Summary: The danger of worship without mercy.


Amos 5:18-24.

Historically, Israel had split into two kingdoms shortly after the death of king David’s son, king Solomon. The ten tribes of the north rejected both the dynasty of David, and the worship of the Jerusalem temple, and set up their own places of worship in various historic sites of Israel (Amos 5:5). Amos was a farmer from the southern kingdom of Judah who had been called away from his trade, and his home, to minister mainly in the northern kingdom of Israel (Amos 1:1).

‘The LORD roars’ began the overture to this ministry (Amos 1:2). The emphasis immediately falls upon the LORD. If Amos is doing any roaring it is only as the mouthpiece of the LORD.

Our present chapter is introduced as ‘a lamentation’ against ‘the house of Israel' (Amos 5:1). Hence the word “woe” at the commencement of today’s reading (Amos 5:18). Amos tells it as it is, and warns Israel against presuming that they can look forward to the day of the LORD as if all was well between them and God - on the contrary, for them “the day of the LORD is darkness and not light.”

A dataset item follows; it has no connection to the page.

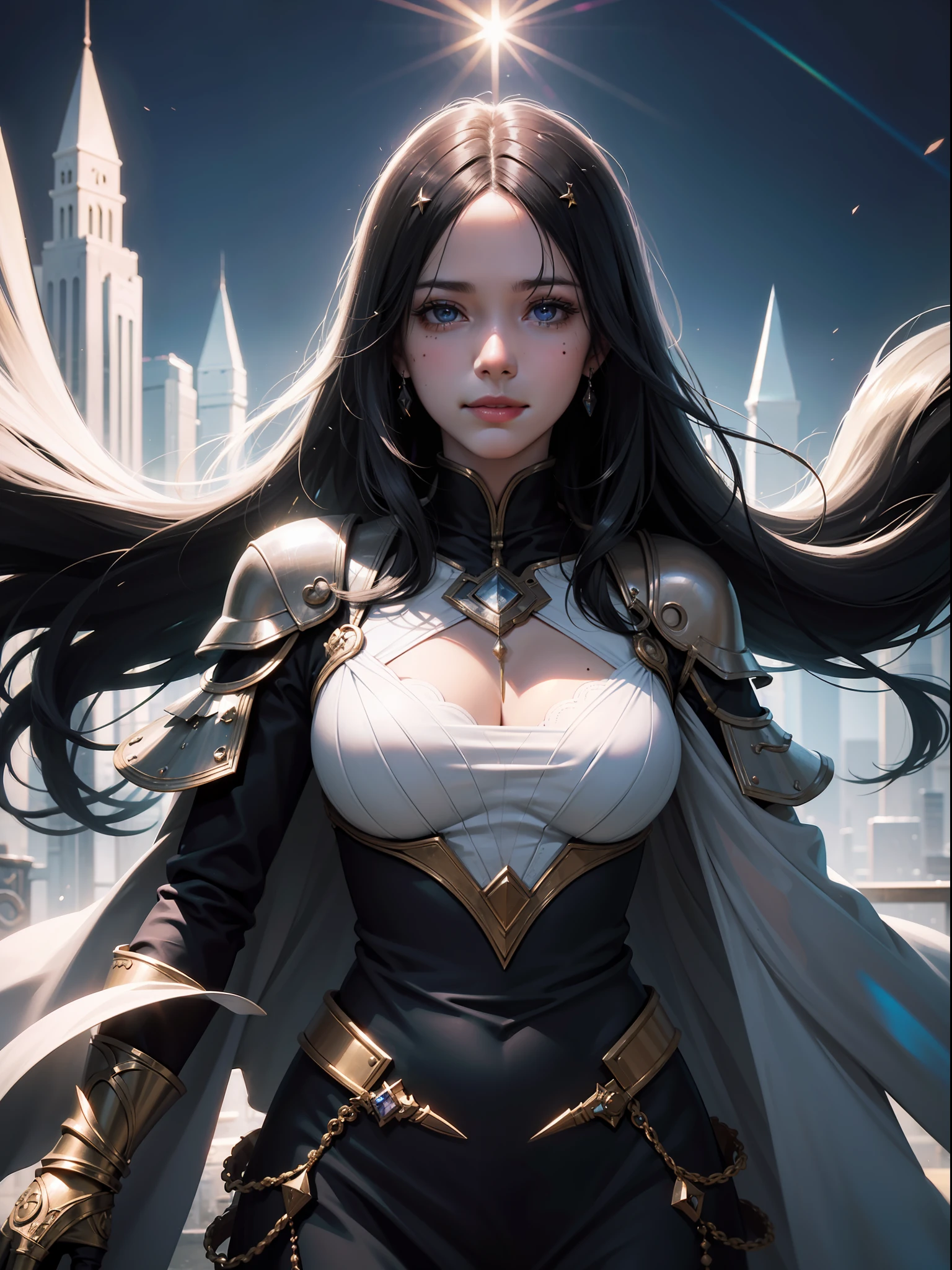 black hair, crystal hair, hair spread out, smile, mole under eye, Surrealism, Art Deco, anime, Romanticism, Realism, cinematic lighting, depth of field, reflection light, first-person view, lens flare, bust chart, UHD, anatomically correct, textured skin, high details, 4K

Like many people before and since, were they perhaps only going through the motions of worship? Did they really ‘seek good and not evil’ in order that the LORD should be with them (Amos 5:14)? Did they ‘hate the evil and love the good and establish justice in the gate’ in order that the LORD might be gracious to them (Amos 5:15)?

Perhaps they felt that their religious exercises were enough, without a corresponding lifestyle. There was no room for complacency, because even their worship was coming under scrutiny. ‘These people draw near to me with their mouth, and honour me with their lips,’ says Jesus, ‘but their heart is far from me’ (Matthew 15:8).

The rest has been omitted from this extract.